Does Change Need to be Managed? - [website] Email Print
Published: 23rd of Feb 2017 by: Carolyn Kessler

Let's take this down to a personal level. When you left school, quite some time back for many of us, you were preparing for the transition into the workforce or tertiary institution long before you sat down to write those all-important final exams.

For those of you who have kids – when baby number two was on the way, did you go out of your way to ensure that your first child was well prepared? Chances are you involved many family members and friends with a view to their helping with the adjustment.

Now let’s apply this principle to the workplace.

Scenario: A paint manufacturer, Company A, is bringing a revolutionary new product to market. It is the result of many years' research and everyone at the Head Office in Johannesburg is very excited. It rolls off the production line and the telesales people and reps are eager to start promoting it. Even the receptionist has been trained on its efficacy and feels like part of the team. A lot of thought has been put into incorporating this new product with their existing line and it’s all stations go for the Johannesburg office.

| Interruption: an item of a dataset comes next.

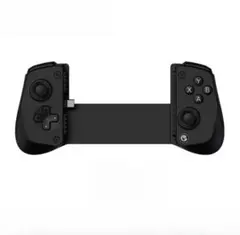 【新品未使用】 GameSir X5 Lite Blackのサムネイル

Now, let’s look at how well briefed their large Cape Town office has been. Their stock of the new product is already on the trucks on its way down to them. Given how well they had prepared their head office staff, it should follow logically that their Cape Town and Durban offices have been kept in the loop by someone...

In actual fact, no one has really thought to thoroughly brief these offices – it has been kind of taken for granted that the coastal branch staff will have absorbed all the new knowledge by some kind of telepathic process. Why? Because the team that handled the introduction in Johannesburg hadn’t done their homework with regards to briefing, training and promoting the new product to staff countrywide. They just assumed that someone would be doing it....

Well, no one has done so. A huge delivery of the new product arrives at the Cape Town branch, is offloaded and packed somewhat haphazardly, because the warehouse manager hadn’t had notice of its impending arrival. The Branch Manager, who knows a little about the amazing benefits of the product, calls his team together and shares his sparse knowledge. They are then sent out with a brief to push this new paint with all of their customers. After all, it’s done so well up country!

Now, remembering that this is a highly technical product, how enthusiastically do you think the Cape Town reps are going to punt it, given their lack of training? Add to this the fact that no one in the branch feels the least bit excited and tends to view this whole process and something HQ has autocratically imposed on them – typical of Head Office! Why do they need another roofing paint, they have been selling the other ones for years and know and trust them. And so the resistance builds.

After three months, Johannesburg can see that the branch is not moving the paint – sales are very slow and they are continuously phoning Head Office with questions and complaints. The General Manager finally decides to send one of the research specialists down to Cape Town to help them decipher the complicated instruction manuals which accompanied the product. However, no one is free to travel for the next six weeks, so there’s a further lag in training.

They’re in a highly competitive business and another huge paint company has been developing a product very similar to their own. They push to get their new product to market ASAP after thorough training and promotion has been done within all their employees. The product starts flying off the shelves.

By the time the Johannesburg representative from Company A has arrived to train their Cape Town Branch, Company B has already cornered the market.

This is not an unusual scenario and plays out in different incarnations within companies all the time. It’s all about understanding that anything new or different requires adjustments, even if it’s positive. These adjustments need to be handled in a structured and systematic fashion. Staff need to be kept informed, engagement must be fostered. A clear and well defined model needs to be put in place to handle all the possible risks and build on the positives of the change.

Depending on the scope of the change taking place, there needs to be a dedicated team for whom the process becomes a core function. As with any project, they need to see it through to completion.

All companies/departments are living entities and change is and should be part of the landscape. If the importance of managing this process is not recognised, it’s inevitable that your staff won’t buy in and without them on your side, it really doesn’t matter how good the new product is likely to be.